Editorial: ANWR arithmetic

April 11, 2005
As debate heats up again in the US Congress over comprehensive energy legislation, so will discussion about producer access to the Arctic National Wildlife Refuge in Alaska.

As debate heats up again in the US Congress over comprehensive energy legislation, so will discussion about producer access to the Arctic National Wildlife Refuge in Alaska. One part of the environmentalist case against leasing deserves special attention from the oil and gas industry. If not repudiated in the ANWR debate, the argument will haunt future efforts to increase oil and gas supply.

The spurious claim is that potential production from the 1.5-million-acre Coastal Plain, the only part of the 19-million-acre ANWR that can be leased, would be inconsequential to US oil supply. Leasing opponents derive this conclusion from artful arithmetic.

‘Just’ 3.2 billion bbl

The Sierra Club, for example, starts from the assumption that the Coastal Plain holds “just” 3.2 billion bbl of economically recoverable oil. “Each day, the United States consumes about 19.5 million bbl of oil, an annual total of about 7 billion bbl each year,” it says, using data from 1999. “Given this rate of consumption, if arctic oil was our nation’s only source, it would fuel America’s demand for less than 6 months.”

The calculation makes 3.2 billion bbl of oil sound unworthy of any environmental risk, let alone the small risk of drilling and production. But it’s misleading.

Commercial oil fields don’t exhaust their reserves instantaneously or in only 6 months. For that and other reasons, a consumption rate divided by a reserves assumption means very little. Even if the conditions were realistic, the implication that the Sierra Club makes on the basis of them-that 6 months’ oil supply doesn’t matter-is wrong.

If it were indeed possible to bring onto production an oil field able to satisfy US demand for 6 months, the country could suspend crude imports of about 9.7 million b/d during the period, saving $485 million/day on trade accounts at an average crude price of $50/bbl. It also would be able to export its other 5.5 million b/d of production for a trade gain of $275 million/day. Unable to refine crude at the hypothetical production rate, it would have to swap crude for product, but the dollar effects would be negligible.

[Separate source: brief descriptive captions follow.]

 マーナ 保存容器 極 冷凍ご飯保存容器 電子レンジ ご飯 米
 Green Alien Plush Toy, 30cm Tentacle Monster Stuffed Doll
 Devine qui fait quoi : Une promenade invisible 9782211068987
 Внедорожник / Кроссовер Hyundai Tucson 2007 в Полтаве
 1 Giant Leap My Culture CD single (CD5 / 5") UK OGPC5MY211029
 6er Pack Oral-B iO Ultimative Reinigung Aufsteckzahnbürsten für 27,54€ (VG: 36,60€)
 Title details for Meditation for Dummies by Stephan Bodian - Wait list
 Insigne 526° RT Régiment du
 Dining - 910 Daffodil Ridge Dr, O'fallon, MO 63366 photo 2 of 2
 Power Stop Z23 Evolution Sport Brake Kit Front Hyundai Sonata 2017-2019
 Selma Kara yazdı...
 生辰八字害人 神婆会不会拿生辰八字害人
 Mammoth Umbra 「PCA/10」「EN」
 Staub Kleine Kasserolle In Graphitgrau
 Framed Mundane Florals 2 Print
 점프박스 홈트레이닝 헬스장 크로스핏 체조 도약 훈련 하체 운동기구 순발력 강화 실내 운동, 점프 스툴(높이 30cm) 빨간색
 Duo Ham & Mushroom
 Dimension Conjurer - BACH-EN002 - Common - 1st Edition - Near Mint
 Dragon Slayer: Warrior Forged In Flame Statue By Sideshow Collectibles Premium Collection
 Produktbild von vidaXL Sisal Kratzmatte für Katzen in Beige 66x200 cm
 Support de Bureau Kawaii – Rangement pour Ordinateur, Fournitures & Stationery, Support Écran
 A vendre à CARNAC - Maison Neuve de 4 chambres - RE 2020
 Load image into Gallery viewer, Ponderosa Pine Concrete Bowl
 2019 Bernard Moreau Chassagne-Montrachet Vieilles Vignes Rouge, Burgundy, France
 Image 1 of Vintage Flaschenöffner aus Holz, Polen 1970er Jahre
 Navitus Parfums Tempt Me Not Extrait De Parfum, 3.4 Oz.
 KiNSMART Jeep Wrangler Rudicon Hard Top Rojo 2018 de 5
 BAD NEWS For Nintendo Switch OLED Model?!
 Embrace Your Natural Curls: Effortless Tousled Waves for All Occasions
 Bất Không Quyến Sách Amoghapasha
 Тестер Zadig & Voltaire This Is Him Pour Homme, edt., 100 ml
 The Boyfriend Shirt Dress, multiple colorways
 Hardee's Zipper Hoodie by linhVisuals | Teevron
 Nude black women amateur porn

By any standard, conversion of the US into a substantial oil exporter, even for 6 months, would be a significant supply event. Yet the Sierra Club and its friends want the country to dismiss it as not worth the trouble.

The hypothesis deserves another stretch. Last year, US exports of goods and services totaled $1.147 trillion and imports, $1.764 trillion. Half the resulting trade deficit is $309 billion. If the total-import value is halved and lowered by the value of 6 months’ worth of suspended crude imports at $50/bbl, and if the half-year value for total exports rises by the same period’s worth of new oil shipments, the half-year trade deficit drops to $170 billion. There would be partial offsets, not least among them the suddenly diminished ability of US crude suppliers to buy US goods and services. Even so, the effect on US trade balances would be enormous while the hypothetical oil was gushing to market. The economic goodness might even make US politicians want to encourage the domestic industry to find more oil.

Possible production

In the real world, of course, oil deposits produce slower and over many years. The production rate from 3.2 billion bbl of reserves would depend on reservoir quality and the extent of development. For perspective, Egypt produces 700,000 b/d from 3.7 billion bbl of reserves, Malaysia 850,000 b/d from 3 billion bbl. Those numbers apply to numerous, mostly mature fields in extensively developed countries. A similar volume of conventional reserves concentrated into a relatively few new fields at ANWR would almost surely yield oil at higher rates. Yet even if the average for the first 10 years of field life were the lower of the samples given here, the supply and economic benefits to the US would be great. To imply otherwise about 700,000 b/d of oil in a country craving supply is absurd.

The Senate has shown majority support for ANWR leasing. The House is working on an energy bill with a leasing provision. As the issue draws new attention, leasing opponents will call potential supply from ANWR insignificant. It’s time to expose the bluff.